‘Civil resistance’ urged in bid for Mexican election recount

? Leftist presidential candidate Andres Manuel Lopez Obrador told a vast crowd of supporters Sunday to wage a campaign of “civil resistance” to push for a manual recount of the election that he claims his conservative opponent won by fraud.

Lopez Obrador did not say what the campaign should entail, but the term “civil resistance” in Mexico often has meant protest camps and street blockades.

A crowd of more than 300,000 jammed the capital’s central plaza, spilling down the city’s main avenue for at least 1.5 miles and chanting “Vote by vote!” – the slogan of the recount campaign.

A recount is needed “for the economic, political and financial stability of the country,” a stern-faced Lopez Obrador said, casting the coming days as “decisive days, days in which all will be tested.”

“To defend democracy, we are going to be beginning peaceful civil resistance,” he said.

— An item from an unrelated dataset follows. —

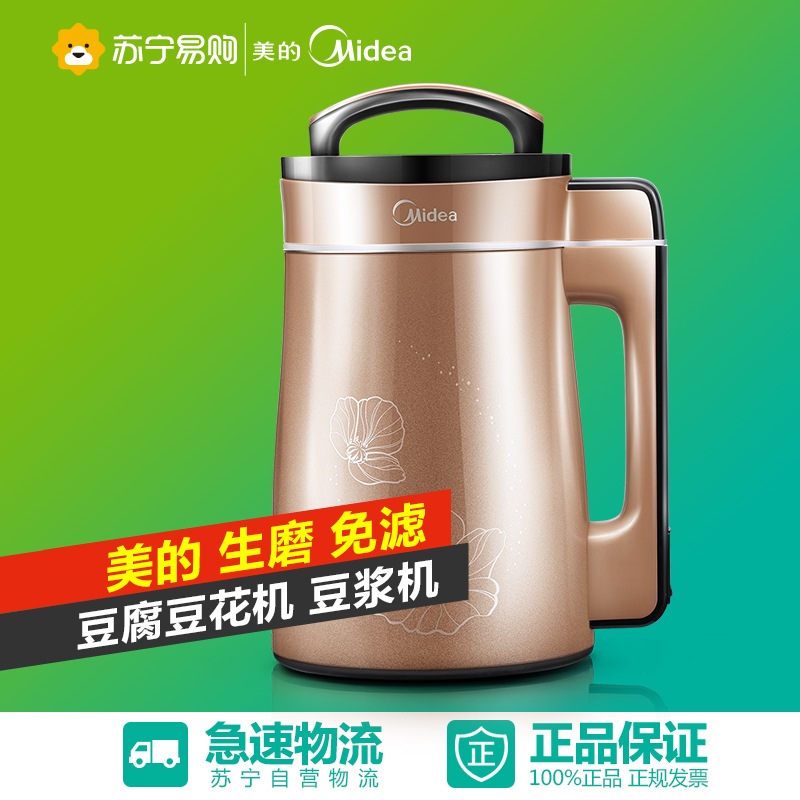 美的（Midea）HC13N61 生磨免滤多功能豆浆机/豆腐豆花机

The pro-Lopez Obrador city government estimated the crowd, packing the plaza for the second weekend in a row, at 1.1 million, although it appeared much smaller.

Hundreds of Thousands of protesters gather in support of Mexican presidential candidate Andres Manuel Lopez Obrador to demand a ballot-by-ballot recount of the July 2 elections. The rally was Sunday at the main Zocalo plaza in Mexico City.

Felipe Calderon of President Vicente Fox’s conservative National Action Party led the July 2 election by about 244,000 votes – roughly 0.6 percent – in official returns. By law, he cannot be declared president-elect until the nation’s electoral court rules on challenges to the election.

The court has until Aug. 31 to rule on appeals and until Sept. 6 to name a winner.

Recounts usually rely on election night tallies from each polling place, and Calderon says there is no legal basis for a complete recount. He is building a transition team and planning a nationwide victory tour.

Lopez Obrador’s party has issued an 836-page appeal to the electoral court, alleging ballot stuffing, illicit government and corporate help for Calderon and other irregularities. The National Action Party has filed its own challenges, seeking to stretch Calderon’s advantage.

Monitors from the European Union have said they found no irregularities in the count.

Lopez Obrador has promised to keep convening massive marches until there is a vote-by-vote tally.

He said Sunday that “a civic committee would be set up to determine what actions would be taken.” He also has called on people to set up camps outside regional electoral offices and use video cameras to keep an eye on officials.

Juan Luis Hidalgo, a 61-year-old retired Mexico City school teacher, said “civil resistance” would “certainly mean demonstrations and taking over plazas.”

Some marchers called for boycotts of American products, claiming U.S. multinationals illegally helped finance Calderon’s campaign.

Lopez Obrador adviser Manuel Camacho said the country might be ungovernable if the Federal Electoral Tribunal doesn’t order a total recount.

“We could be here six more years,” said Xochitl Luna, a 43-year-old unemployed secretary, referring to the length of Mexico’s presidential term.

Support for the former mayor has reached cult-like proportions in much of the capital, with devoted followers lighting votive candles outside his campaign headquarters to keep hope of his presidency alive.

“He is the most marvelous man in the world,” said Eugenia Leal, a 70-year-old retired school teacher who collects a pension thanks to a city program instituted by Lopez Obrador. “I’m willing to follow him from here to the death, or wherever he orders.”